The writing process was interesting for this one. Professor Williamson and I met a few times to plan our outline, the major issues, and most-telling anecdotes. Then he wrote a complete draft and asked me to review it and suggest any changes. Which I did. And that was about it, to be honest. I later told him I felt guilty for my limited amount of writing, but he responded that my long role as co-teacher of the Export Odyssey class and research consultant for the students teams warrants not having to work hard on the book chapter. So if your library gets this book and you notice the writing style of the export chapter is very different from the writing style of this blog, well, that’s why.
Professor Williamson likes to call me the “Electronic Business Reference Librarian” (EBRL) and extols the vital role business librarians can play in supporting experiential learning in exports. He lists the EBRL as well as “Personnel with the United States Department of Commerce – International Division” and “Personnel with a freight forwarding company” as key players for any exporter. We keep good company, apparently. Specifically the chapter states that the business librarian can support:
- Identification of best export market to target
- Identification of the best downstream customer type (e.g., export channel)

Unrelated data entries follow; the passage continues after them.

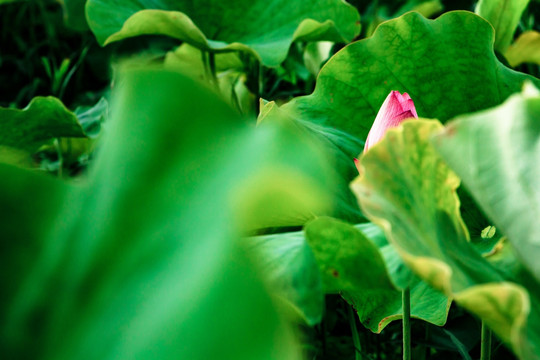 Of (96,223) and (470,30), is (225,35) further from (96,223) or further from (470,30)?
(96,223)

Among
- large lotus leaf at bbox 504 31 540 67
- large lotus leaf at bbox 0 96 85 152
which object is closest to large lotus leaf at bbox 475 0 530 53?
large lotus leaf at bbox 504 31 540 67

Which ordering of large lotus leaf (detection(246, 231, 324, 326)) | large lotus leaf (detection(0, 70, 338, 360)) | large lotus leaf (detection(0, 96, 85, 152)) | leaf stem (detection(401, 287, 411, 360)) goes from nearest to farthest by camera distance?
large lotus leaf (detection(0, 70, 338, 360))
large lotus leaf (detection(246, 231, 324, 326))
leaf stem (detection(401, 287, 411, 360))
large lotus leaf (detection(0, 96, 85, 152))

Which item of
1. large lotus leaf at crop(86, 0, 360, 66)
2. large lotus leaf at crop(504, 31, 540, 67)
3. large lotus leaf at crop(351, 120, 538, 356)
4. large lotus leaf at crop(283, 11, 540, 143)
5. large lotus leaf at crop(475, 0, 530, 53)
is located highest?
large lotus leaf at crop(351, 120, 538, 356)

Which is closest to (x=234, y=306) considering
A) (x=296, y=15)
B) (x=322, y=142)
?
(x=322, y=142)

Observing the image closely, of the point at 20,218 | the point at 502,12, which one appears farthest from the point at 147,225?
the point at 502,12

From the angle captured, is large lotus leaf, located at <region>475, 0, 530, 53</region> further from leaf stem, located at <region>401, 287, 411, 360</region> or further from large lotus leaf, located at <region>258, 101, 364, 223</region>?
leaf stem, located at <region>401, 287, 411, 360</region>

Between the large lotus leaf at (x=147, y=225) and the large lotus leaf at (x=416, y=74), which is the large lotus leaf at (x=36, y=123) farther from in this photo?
the large lotus leaf at (x=147, y=225) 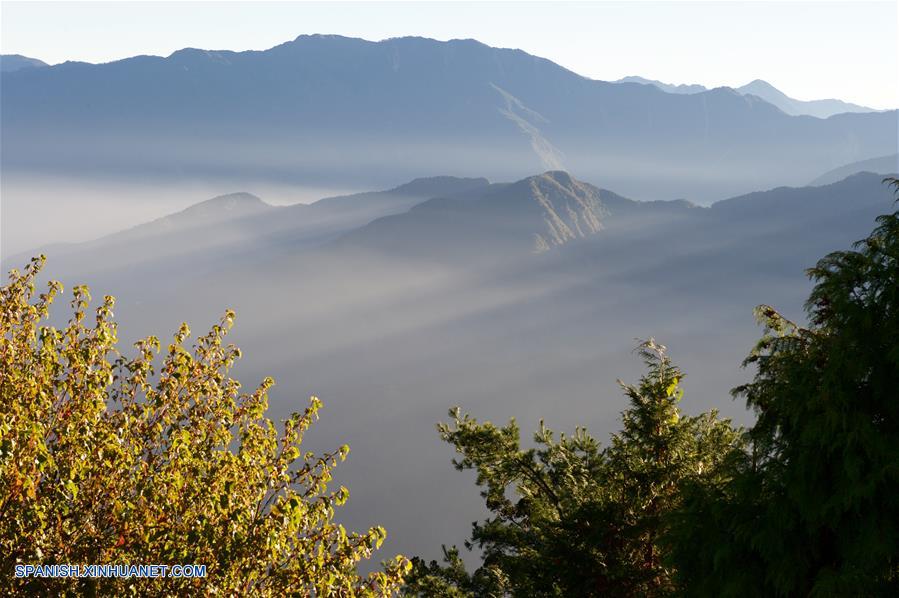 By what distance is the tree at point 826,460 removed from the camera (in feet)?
34.0

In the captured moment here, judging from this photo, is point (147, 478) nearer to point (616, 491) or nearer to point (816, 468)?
point (816, 468)

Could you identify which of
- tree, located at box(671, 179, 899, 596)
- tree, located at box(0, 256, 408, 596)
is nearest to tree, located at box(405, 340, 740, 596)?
tree, located at box(671, 179, 899, 596)

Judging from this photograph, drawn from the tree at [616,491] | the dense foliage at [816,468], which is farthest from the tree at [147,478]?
the dense foliage at [816,468]

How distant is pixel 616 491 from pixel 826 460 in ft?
29.3

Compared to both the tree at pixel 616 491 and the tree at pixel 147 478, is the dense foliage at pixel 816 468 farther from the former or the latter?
the tree at pixel 147 478

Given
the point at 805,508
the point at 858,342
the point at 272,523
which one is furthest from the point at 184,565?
the point at 858,342

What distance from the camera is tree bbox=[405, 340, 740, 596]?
16.2 meters

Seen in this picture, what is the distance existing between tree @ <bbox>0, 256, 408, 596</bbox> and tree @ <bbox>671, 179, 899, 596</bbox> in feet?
19.5

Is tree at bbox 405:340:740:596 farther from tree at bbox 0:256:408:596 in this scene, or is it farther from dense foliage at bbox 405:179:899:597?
tree at bbox 0:256:408:596

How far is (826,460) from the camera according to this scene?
1082 cm

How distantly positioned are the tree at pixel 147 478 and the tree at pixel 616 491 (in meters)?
4.69

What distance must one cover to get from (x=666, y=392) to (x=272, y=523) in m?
10.2

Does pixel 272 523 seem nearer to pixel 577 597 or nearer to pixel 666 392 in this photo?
pixel 577 597

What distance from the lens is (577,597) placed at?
1634cm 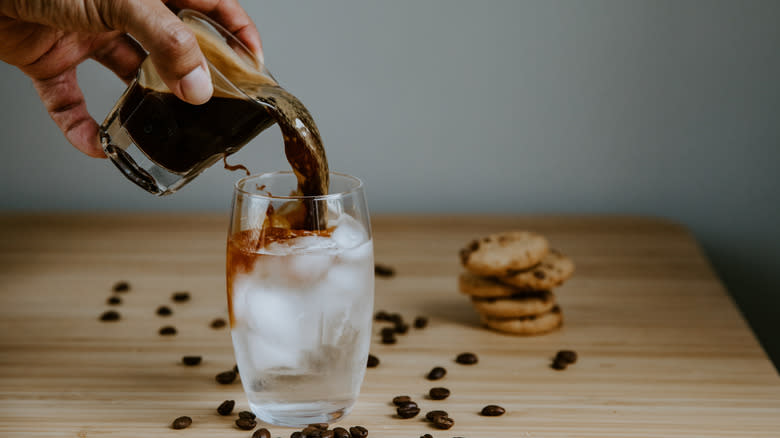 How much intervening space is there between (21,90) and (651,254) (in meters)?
1.57

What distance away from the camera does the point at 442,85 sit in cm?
207

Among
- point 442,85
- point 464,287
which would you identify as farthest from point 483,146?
point 464,287

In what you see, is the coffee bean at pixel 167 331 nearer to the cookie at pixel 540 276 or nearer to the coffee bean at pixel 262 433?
the coffee bean at pixel 262 433

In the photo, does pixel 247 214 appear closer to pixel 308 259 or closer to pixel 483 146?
pixel 308 259

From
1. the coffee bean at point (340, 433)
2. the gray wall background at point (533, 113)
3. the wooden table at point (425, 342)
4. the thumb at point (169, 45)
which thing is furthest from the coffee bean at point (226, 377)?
the gray wall background at point (533, 113)

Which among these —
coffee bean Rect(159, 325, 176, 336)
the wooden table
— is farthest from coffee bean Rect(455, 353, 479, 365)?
coffee bean Rect(159, 325, 176, 336)

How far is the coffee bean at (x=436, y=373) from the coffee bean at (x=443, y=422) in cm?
15

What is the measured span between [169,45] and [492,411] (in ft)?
2.14

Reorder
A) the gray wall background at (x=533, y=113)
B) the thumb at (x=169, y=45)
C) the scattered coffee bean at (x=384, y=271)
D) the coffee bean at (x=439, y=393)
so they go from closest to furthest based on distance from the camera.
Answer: the thumb at (x=169, y=45)
the coffee bean at (x=439, y=393)
the scattered coffee bean at (x=384, y=271)
the gray wall background at (x=533, y=113)

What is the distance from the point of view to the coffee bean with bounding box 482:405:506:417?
119 cm

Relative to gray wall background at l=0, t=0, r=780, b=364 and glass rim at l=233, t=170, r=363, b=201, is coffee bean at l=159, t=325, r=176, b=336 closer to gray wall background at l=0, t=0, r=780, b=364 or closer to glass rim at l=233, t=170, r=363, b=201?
glass rim at l=233, t=170, r=363, b=201

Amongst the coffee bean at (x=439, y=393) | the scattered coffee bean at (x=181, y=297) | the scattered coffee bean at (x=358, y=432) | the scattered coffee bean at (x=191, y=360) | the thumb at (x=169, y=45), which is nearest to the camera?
the thumb at (x=169, y=45)

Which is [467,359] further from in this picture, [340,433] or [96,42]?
[96,42]

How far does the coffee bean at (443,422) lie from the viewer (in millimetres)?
1152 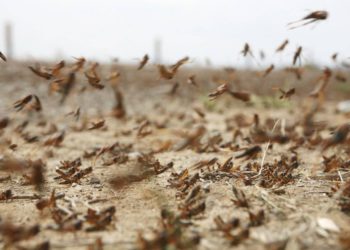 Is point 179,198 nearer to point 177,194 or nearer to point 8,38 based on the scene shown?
point 177,194

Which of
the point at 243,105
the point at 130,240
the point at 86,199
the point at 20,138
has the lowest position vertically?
the point at 243,105

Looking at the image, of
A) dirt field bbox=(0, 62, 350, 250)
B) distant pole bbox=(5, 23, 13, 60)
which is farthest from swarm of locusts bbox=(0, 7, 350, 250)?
distant pole bbox=(5, 23, 13, 60)

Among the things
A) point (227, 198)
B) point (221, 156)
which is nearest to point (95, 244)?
point (227, 198)

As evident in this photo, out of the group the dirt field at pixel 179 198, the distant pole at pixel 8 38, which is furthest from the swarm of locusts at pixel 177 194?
the distant pole at pixel 8 38

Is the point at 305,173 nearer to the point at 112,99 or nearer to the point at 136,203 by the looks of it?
the point at 136,203

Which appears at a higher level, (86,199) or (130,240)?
(130,240)

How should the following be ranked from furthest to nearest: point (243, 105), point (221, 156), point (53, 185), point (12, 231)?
1. point (243, 105)
2. point (221, 156)
3. point (53, 185)
4. point (12, 231)

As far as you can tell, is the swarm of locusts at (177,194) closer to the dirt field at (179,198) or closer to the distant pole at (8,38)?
the dirt field at (179,198)

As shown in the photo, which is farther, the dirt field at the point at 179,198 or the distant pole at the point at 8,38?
the distant pole at the point at 8,38

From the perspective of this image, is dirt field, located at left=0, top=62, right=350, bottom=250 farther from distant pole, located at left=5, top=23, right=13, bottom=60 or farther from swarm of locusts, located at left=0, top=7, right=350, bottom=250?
distant pole, located at left=5, top=23, right=13, bottom=60

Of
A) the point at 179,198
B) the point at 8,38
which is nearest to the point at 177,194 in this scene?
the point at 179,198

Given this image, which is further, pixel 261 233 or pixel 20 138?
pixel 20 138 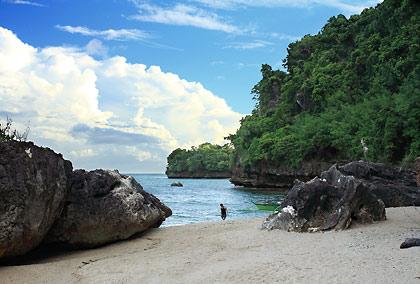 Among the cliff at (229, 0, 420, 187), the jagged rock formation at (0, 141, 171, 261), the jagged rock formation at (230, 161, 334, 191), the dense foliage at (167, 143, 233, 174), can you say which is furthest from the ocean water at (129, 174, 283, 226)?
the dense foliage at (167, 143, 233, 174)

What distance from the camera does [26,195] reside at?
529 inches

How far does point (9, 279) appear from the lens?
12.1 metres

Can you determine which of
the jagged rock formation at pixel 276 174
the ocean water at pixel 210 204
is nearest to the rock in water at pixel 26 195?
the ocean water at pixel 210 204

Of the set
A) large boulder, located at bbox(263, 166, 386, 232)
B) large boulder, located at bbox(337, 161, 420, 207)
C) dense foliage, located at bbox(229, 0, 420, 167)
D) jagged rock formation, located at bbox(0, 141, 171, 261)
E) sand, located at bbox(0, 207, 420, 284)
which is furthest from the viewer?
dense foliage, located at bbox(229, 0, 420, 167)

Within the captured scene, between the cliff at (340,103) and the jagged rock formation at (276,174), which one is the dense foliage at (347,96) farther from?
the jagged rock formation at (276,174)

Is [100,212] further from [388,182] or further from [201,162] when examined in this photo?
[201,162]

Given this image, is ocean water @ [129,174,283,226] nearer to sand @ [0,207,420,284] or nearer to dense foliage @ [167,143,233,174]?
sand @ [0,207,420,284]

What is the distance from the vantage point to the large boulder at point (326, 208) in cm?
1593

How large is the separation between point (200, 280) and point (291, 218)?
677 cm

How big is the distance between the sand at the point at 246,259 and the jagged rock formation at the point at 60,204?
2.05 feet

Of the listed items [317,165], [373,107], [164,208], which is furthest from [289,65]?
[164,208]

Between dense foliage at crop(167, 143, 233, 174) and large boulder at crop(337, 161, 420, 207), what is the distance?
137 metres

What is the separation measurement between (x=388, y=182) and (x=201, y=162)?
143249 millimetres

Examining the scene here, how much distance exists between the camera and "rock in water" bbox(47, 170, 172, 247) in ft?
51.2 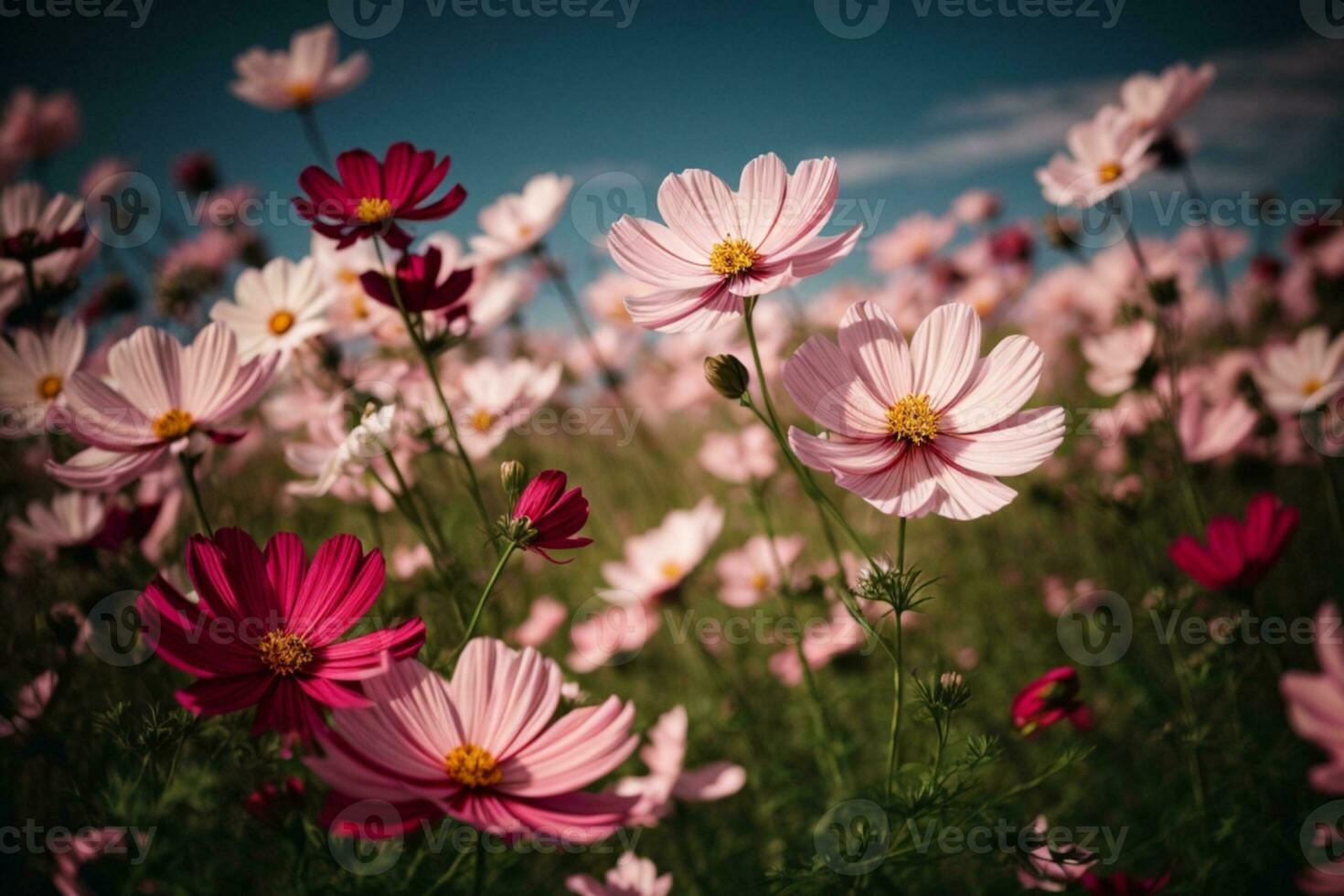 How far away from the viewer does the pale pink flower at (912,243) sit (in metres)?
2.55

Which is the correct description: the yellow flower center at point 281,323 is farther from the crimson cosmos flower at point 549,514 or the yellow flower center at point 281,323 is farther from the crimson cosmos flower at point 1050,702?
the crimson cosmos flower at point 1050,702

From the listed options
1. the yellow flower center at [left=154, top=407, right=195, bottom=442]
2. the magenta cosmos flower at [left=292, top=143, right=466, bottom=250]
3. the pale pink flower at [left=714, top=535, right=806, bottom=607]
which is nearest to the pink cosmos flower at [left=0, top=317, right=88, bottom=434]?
the yellow flower center at [left=154, top=407, right=195, bottom=442]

- Identification of specific companies in the U. S. and abroad who are “head on” competitors
- Identification of potential customer companies in the targeted country
- Identification of electronic databases that offer insight into
- Character of competition in targeted foreign market
- Nature of needs of potential customers in targeted foreign market
Our Export Odyssey mantra:
The more Internet intensive, the more electronically intensive, the more database intensive, the more key word and code number search intensive the export marketing activities are, the faster, the less expensive, and the better that the export marketing activities are for the exporter.
Since this book is a textbook, we also had to contribute ten questions for the end of the chapter. For example:
The Small Business Administration (SBA) loan program that can be used to support buildings, construction and land relevant to exporting is the
- Export Working Capital Program
- International Trade Loan Program
- Export Express Program
- None of the preceding is correct.
And we had to create a PowerPoint version of the chapter.